RELEX will periodically (and at least on annual basis) review the contacts in the customer register in order to make sure that Personal Data is kept only when it is necessary for the above-mentioned purposes. RELEX will keep the data only as long as we have a meaningful business contact and will remove Your Personal Data once it is no longer necessary to keep it. Also, RELEX will remove Your Personal Data in case You object to processing and ask for removal of the data based on applicable legislation.
The Exercise of Your Rights
What rights do You have and how can You Exercise those rights?

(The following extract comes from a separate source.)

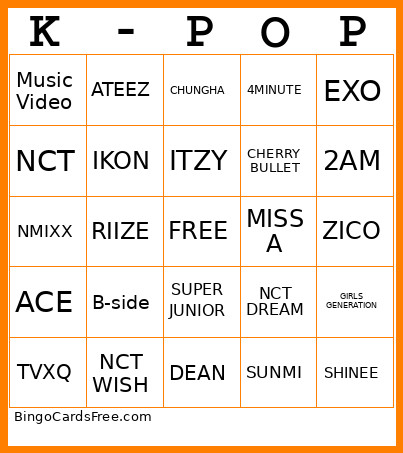 K-pop Bingo Card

You have the right to access Your Personal Data processed under this Privacy Policy. You have the right to request correction and removal of Your Personal Data. In case you want to exercise these rights, please contact the contact person nominated above in this Privacy Policy.

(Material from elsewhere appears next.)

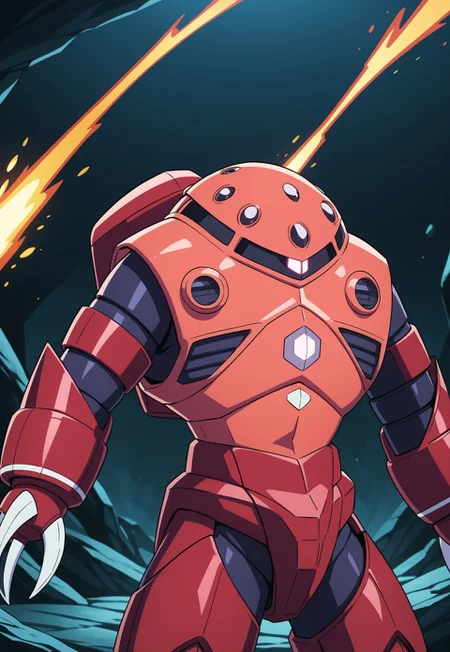 score_9, score_8_up, score_7_up, source_anime, cowboy shot, side view, BREAK, ( zgok, red_zgok_armor, pink monoeye, looking to the side, arms by sides, ballast tanks on back, ) 1mech, mech focus, solo, BREAK, explosion in background, cave, dark background, rocky terrain, low light,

In addition, You have the right to request restriction of processing of Your Personal Data and to object the processing on grounds provided by the applicable legislation. Please contact the contact person nominated above in this Privacy Policy for additional instructions.
You also have the right to lodge a complaint with a supervisory authority in case You think that Your rights have been violated. You may choose to lodge a complaint with a supervisory authority in the EU Member State of Your habitual residence, place of work or place of the alleged infringement.
Data Security
We are committed to keeping Your Personal Data safe. RELEX will implement appropriate technical and organizational measures in order to ensure sufficient data security. Sufficient security measures are put in place in order to prevent unauthorized access to and manipulation of Your Personal Data. This includes restricting access to Your Personal Data to the persons described in this Privacy Policy (see section “Access to Personal Data” above) and hosting Your Data with a service provider that is able to demonstrate adequate level of data security.
We take appropriate steps to address online security, physical security, risk of data loss and other such risks taking into consideration the risk represented by the processing and the nature of the data being protected. Also, we limit access to our databases containing personal data to authorized persons having a justified need to access such information.